Bio-Sourcing’s managing team has entered into discussion, at the decision-making level, with a major group in Brazil focused on monoclonal antibodies. Those industrial discussions seek to validate bioproduction projects that would be of interest to industry leaders in the country and might work safely and with efficacy in Brazil, according to the regulation in place by the CTNBIO – Brazilian National Biosafety Commission.

On the one hand, BioSourcing will consider only products previously reviewed and approved by industrials. And Bio-Sourcing will allocate its production and development means to its Brazilian subsidiary.

Accustomed to Brazil’s language and culture, Bio- Sourcing’s CEO has already made contact with local players. Brazil is highly receptive to transgenesis techniques, but it also has attractive production costs, great know-how in milk industrialization and a dynamic internal market – all of which should help Bio-Sourcing succeed.

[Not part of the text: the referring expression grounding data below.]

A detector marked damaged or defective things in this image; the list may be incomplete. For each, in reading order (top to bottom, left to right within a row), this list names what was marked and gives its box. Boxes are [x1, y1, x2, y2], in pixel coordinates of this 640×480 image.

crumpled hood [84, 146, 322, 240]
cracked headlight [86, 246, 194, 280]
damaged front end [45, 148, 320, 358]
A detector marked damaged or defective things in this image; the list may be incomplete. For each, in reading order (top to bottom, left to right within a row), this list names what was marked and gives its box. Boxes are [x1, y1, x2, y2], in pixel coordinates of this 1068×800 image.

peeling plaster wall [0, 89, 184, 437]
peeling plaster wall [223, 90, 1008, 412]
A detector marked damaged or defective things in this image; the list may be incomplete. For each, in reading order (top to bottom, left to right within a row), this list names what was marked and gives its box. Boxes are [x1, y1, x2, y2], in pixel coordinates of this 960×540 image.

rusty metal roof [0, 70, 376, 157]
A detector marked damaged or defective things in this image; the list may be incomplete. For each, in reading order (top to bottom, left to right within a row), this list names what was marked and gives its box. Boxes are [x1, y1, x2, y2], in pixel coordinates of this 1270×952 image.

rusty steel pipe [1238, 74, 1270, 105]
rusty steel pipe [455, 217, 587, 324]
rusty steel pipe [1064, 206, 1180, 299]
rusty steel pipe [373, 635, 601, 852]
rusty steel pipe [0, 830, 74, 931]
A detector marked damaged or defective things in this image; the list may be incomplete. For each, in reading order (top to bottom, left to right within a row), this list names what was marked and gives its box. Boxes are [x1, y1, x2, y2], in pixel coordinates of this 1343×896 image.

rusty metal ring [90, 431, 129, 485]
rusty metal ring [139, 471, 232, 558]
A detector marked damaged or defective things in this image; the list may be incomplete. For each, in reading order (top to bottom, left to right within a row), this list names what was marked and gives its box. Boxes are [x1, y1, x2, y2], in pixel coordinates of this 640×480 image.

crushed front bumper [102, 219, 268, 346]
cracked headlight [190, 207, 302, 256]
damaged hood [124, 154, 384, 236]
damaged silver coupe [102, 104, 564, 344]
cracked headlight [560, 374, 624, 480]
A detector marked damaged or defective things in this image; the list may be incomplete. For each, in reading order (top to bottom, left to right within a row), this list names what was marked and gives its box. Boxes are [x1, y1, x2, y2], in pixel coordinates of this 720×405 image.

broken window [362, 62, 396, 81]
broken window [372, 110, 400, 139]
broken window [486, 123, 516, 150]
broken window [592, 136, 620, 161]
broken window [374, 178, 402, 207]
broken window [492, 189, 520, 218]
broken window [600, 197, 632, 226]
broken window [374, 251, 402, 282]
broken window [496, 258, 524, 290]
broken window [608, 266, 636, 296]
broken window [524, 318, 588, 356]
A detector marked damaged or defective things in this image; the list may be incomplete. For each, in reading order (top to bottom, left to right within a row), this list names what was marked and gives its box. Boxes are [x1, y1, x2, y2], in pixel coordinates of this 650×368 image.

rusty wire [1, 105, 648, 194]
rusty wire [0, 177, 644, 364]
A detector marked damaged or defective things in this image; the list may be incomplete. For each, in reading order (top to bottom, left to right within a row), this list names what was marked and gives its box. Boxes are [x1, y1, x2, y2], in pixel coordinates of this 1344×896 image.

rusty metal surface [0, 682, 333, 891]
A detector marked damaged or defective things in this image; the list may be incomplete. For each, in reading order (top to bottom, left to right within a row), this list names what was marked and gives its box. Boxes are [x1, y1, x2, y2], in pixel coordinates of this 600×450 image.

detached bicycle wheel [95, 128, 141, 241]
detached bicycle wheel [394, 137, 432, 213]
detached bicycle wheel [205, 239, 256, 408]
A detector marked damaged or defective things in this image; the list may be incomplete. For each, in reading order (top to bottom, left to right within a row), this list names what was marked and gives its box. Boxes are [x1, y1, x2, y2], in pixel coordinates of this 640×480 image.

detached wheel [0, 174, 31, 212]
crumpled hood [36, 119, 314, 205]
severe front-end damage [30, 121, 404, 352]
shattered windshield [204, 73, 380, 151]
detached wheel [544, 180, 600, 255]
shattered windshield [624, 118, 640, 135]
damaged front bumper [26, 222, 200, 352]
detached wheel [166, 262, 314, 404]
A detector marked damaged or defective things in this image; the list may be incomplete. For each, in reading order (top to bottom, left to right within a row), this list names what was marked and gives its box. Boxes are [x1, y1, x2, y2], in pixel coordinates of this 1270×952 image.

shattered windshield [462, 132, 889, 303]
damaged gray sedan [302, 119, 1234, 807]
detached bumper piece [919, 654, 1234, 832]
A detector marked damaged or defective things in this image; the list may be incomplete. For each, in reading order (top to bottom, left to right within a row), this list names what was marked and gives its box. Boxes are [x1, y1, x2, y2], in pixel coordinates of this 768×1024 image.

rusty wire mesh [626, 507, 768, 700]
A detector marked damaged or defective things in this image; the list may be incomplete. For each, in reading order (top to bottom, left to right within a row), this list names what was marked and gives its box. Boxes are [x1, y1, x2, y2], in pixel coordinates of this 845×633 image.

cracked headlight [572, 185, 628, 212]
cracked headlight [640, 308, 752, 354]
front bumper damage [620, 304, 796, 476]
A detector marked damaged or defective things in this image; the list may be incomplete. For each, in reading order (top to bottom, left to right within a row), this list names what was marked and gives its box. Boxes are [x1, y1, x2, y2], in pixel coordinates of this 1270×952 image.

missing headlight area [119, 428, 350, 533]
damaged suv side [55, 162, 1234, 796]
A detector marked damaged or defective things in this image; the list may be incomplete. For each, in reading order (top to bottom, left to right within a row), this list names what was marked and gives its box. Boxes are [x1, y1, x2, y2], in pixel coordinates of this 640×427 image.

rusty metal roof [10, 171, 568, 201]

Bio-Sourcing already has its own patents, in particular regarding an innovative molecule that could become a blockbuster, thanks to multiple applications in different sectors. Its management team has experience as chairman, CEO, chief business officer and chief scientific officer in major international groups. Clearly, Brazil being a giant in animal husbandry has attracted Bio-Sourcing, but in this case the regulatory environment in Brazil might have played in its favor, too.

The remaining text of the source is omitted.